Former sumo wrestler Hirokatsu Yokose is undergoing rehabilitation after suffering from a brain hemorrhage, and the long road to recovery has been difficult.

But when things get tough, Yokose, 56, always draws emotional support and courage from loving messages from his late girlfriend.

“Keep your hopes alive always and do your best,” she said in one of the countless messages she wrote.

But Yokose can never thank her in person or reach out to touch her.

Thirty-six years ago, she died in a plane crash.

On Aug. 12, 1985, Yokose had lunch in Tokyo with his 20-year-old girlfriend and her mother.

He met her the previous year when she visited the Sadogatake stable, to which Yokose belonged as a third-year sumo wrestler, under his wrestler name Kotoasaki.

The woman was a daughter of the chair of one of the stable’s supporter associations.

The young couple kept their romance secret from others. They planned to marry once Yokose became a sekitori wrestler in the top two divisions.

After their lunch, the woman was supposed to ride a Shinkansen home with her parents.

“I will call you when I get home,” she said.

She wore a navy blue dress with a white belt that day.
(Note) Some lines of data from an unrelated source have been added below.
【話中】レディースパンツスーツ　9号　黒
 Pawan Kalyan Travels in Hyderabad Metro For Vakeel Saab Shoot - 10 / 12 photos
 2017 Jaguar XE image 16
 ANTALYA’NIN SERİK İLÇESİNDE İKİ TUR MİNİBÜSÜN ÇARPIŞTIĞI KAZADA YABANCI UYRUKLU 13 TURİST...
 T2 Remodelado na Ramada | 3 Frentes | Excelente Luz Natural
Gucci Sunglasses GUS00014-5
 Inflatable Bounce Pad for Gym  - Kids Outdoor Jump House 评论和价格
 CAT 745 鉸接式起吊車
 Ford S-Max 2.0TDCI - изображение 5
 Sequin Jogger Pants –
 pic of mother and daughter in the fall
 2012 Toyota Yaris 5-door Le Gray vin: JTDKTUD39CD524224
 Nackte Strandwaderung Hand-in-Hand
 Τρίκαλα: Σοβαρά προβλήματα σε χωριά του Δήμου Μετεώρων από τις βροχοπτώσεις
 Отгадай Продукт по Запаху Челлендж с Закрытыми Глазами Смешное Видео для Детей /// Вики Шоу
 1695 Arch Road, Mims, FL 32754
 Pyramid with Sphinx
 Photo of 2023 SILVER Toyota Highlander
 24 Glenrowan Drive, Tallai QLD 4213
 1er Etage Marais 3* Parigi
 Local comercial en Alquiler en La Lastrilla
Yokose thought she looked good in it.

Several hours later, Yokose saw a breaking news headline that read: “A Japan Airlines flight has disappeared from radar.”

Yokose could not believe it when he saw her name on the boarding list along with the names of her parents.

He kept calling her home. His hands shook. Nobody answered.

The JAL jumbo jet crashed into a ridge of Mount Osutakayama in Gunma Prefecture, killing 520 passengers and crew.

At a morgue, he was reunited with her remains. A portion of her white belt was still attached to the burned segment of her body.

Later, Yokose received a package from her friend, which contained a scrapbook that was found in her home.

Yokose turned the pages and found it full of newspaper clippings of his bouts and win-loss standings. Alongside each article, he saw her handwritten notes.

In one note, she wrote she was worried about his first bout as a sandanme division wrestler: “I was anxious, but he won. Now I breathe a little easier. Do your best at every bout, please.”

In another note, she was concerned about his lower back problem.

“You said you have pain in your lower back. I just don’t want you to get injured.”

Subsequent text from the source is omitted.